5.  Castle/Rook: tour _(lit. tower)_
6.  Pawn: pion _(lit. pawn)_

Checkmate : échec et mat


----------



## Honour

1. King (şah)
2. Queen (vezir: minister in ottomans)
3. Bishop (fil: elephant)
4. Knight (at: horse)
5. Castle/Rook (kale: castle)
6. Pawn (piyon: i don't know its translation but it is a player w/o importance)


----------



## Bienvenidos

Tisia said:
			
		

> Persian:English
> 1. Shah:King
> 2. Vazir:Minister
> 3. Rukh:Castle/Rook
> 4. Peyadehawn
> 5. Pil OR Fiil: Elephant
> 6. Sarbaz:Soldier
> 
> Tisia


 
In Afghan Persian (Afghan Farsi):

1. Shah:King
2. *W*azir:Minister
3. Rukh:Castle/Rook
4. Peyadehawn
5. *Fil:* Elephant (accent over I)
6. *Askar*:Soldier

*Bien*


----------



## Tatzingo

^Hey,

That's very different from most languages. The Queen is usually the piece next to the King. So is the King married to the Minister? 

Tatz.


----------



## Bienvenidos

^Hey  Sorry, I just used the examples given in the thread I quoted, which didn't include the queen. Queen is "malika" (the i pronounced as ee in meet)

*Bien*


----------



## Qcumber

Hello. An exciting thread.

I looked for the chess terms used in Tagalog (Philippines), and saw that all of them are Spanish (pronounced the Filipino way), and are now frequently replaced by the English ones (ditto).
chess = ajedrez > ahedres
king = rey > rey sometimes replaced by Tag. hari
queen = reina > reyna
bishop = alfil > arpil
knight = caballo > kabayo
rook = torre > tore
pawn = peon > piyon


----------



## Samaruc

Catalan/Valencian:

1. King: Rei
2. Queen: Reina
3. Bishop: Alfil
4. Knight: Cavall (Horse)
5. Castle: Torre (Tower)
6. Pawn: Peó

Chess: Escacs
Check: Escac
Checkmate: Escac i mat


----------



## Qcumber

Jana337 said:
			
		

> I have found what Josh was looking for, the comments are interesting. Click.  Jana



Yes, Jana. This article has almost everything.


----------



## Outsider

The table in that website has "dama" for "queen" in Portuguese, but I've never heard that term applied in the game of chess (we do use it in checkers). I wonder if it's Brazilian.


----------



## berty bee

In hungarian:

1.  King = király
2.  Queen = királynő or alternatively chief = vezér
3.  Bishop <- futó ( if I translate it: = runner)
4.  Knight = ló ( =horse) ( or  alternatively: cavalryman = huszár)
5.  Castle/Rook = bástya (other meaning: tower)
6.  Pawn = gyalog ( or  alternatively: paraszt <- if I translate it: peasant)
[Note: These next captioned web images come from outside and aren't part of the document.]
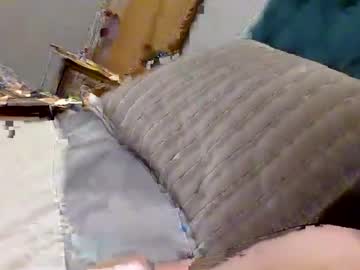 Bxgbxy Chaturbate stream image from April 30, 2025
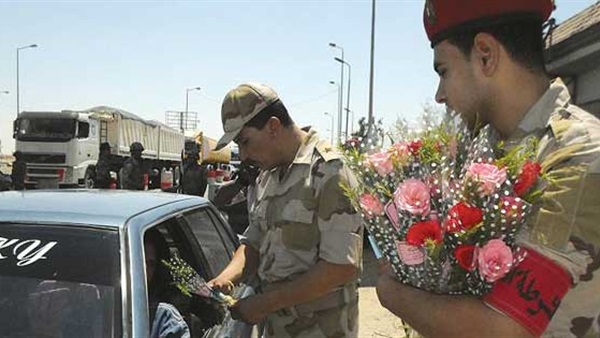 الجيش يوزع الورود والهدايا على المواطنين في عيد تحرير سيناء 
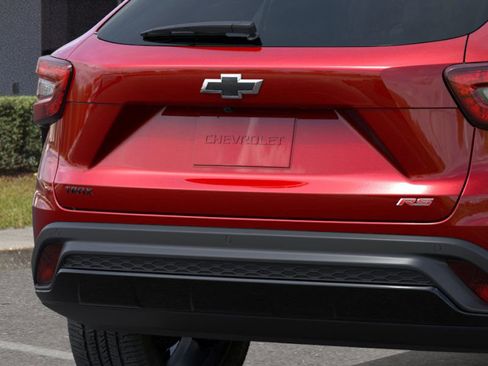 New 2026 Chevrolet Trax RS w/ Driver Confidence Package image 14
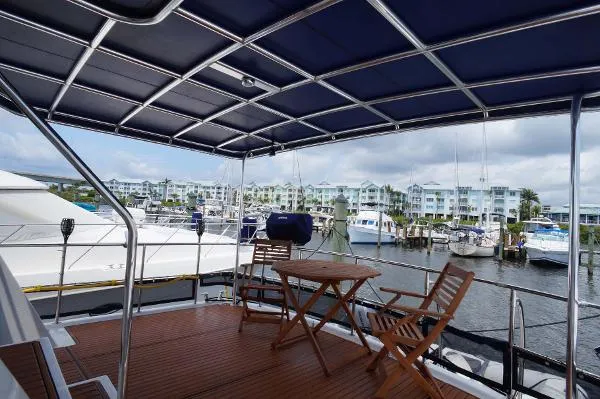 Slide: The Image of Symbol 42' Sun Deck Trawler 2002 - 6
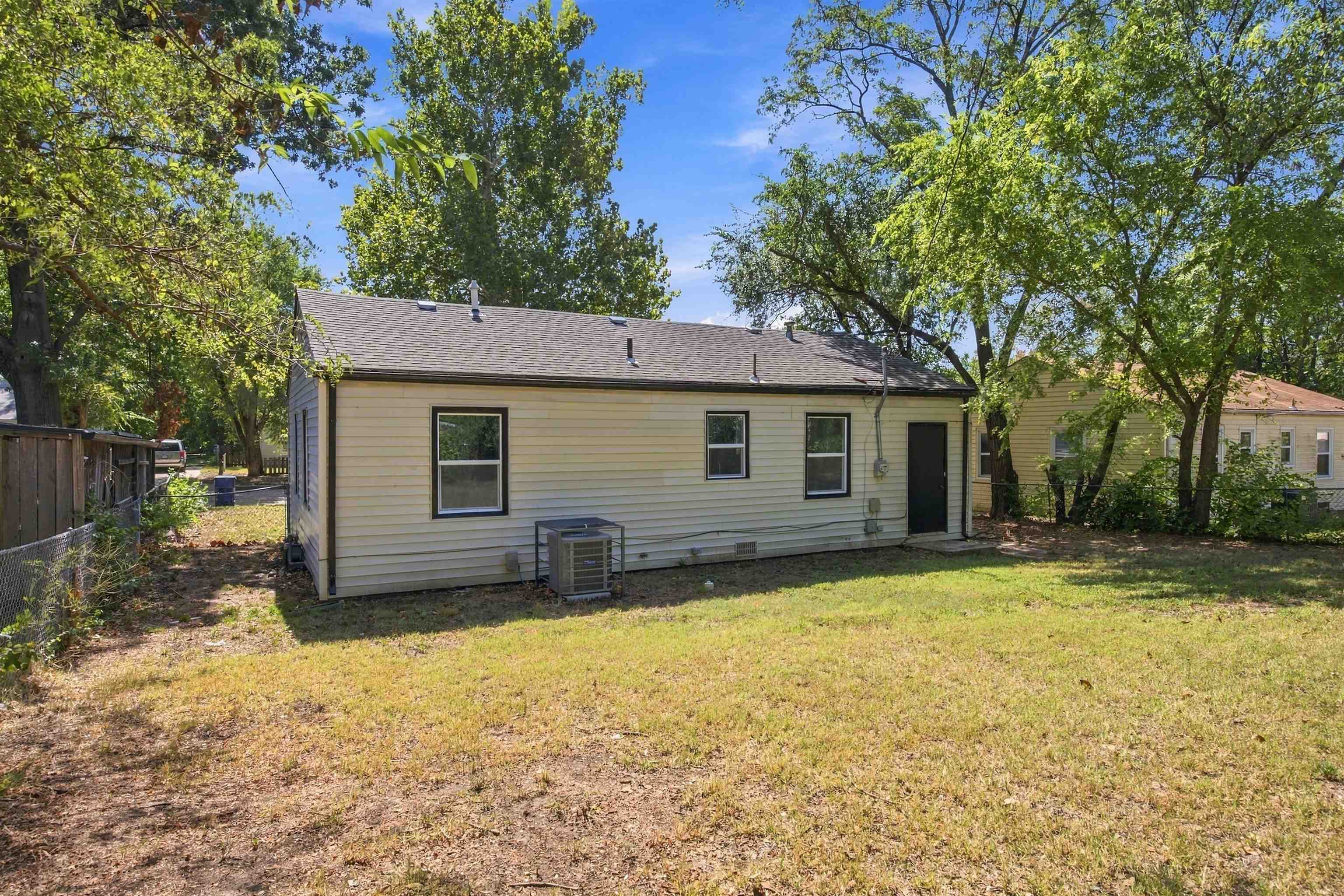 2522 E Audrey St Property Photo 21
It seems me that our word for chief -> vezér originates from persian or arab


----------



## Tisia

Tatzingo said:
			
		

> That's very different from most languages. The Queen is usually the piece next to the King. So is the King married to the Minister?



Fortunately and unfortunately we don't send QUEENS to war, that's why there is no queen beside the king. Maybe becuase Chess is an old game and Iranians have kept its old piece names, or maybe it is a cultural thing

Tisia


----------



## Tatzingo

^Hi,

Interesting idea. If there is no queen because queens don't go to war (they just declare it!), then what's a bishop doing there? They don't generally go to war either! 

Old game? I was just wondering how old chess might actually be as a game? 400 hundred years?

Tatz.


----------



## Honour

^That is why we name them as vezir(chief), at (horse), fil(elephant), kale (castle), piyon (regular soldier) . They could all been seen in a historic war. Btw, chess is nearly two thousand years old.


----------



## Jana337

Please let's not spend more time on history than is needed for language question. 

Jana


----------



## Josh_

elroy said:
			
		

> 2. waziir ((government) minister) Is this really what you call the *queen*?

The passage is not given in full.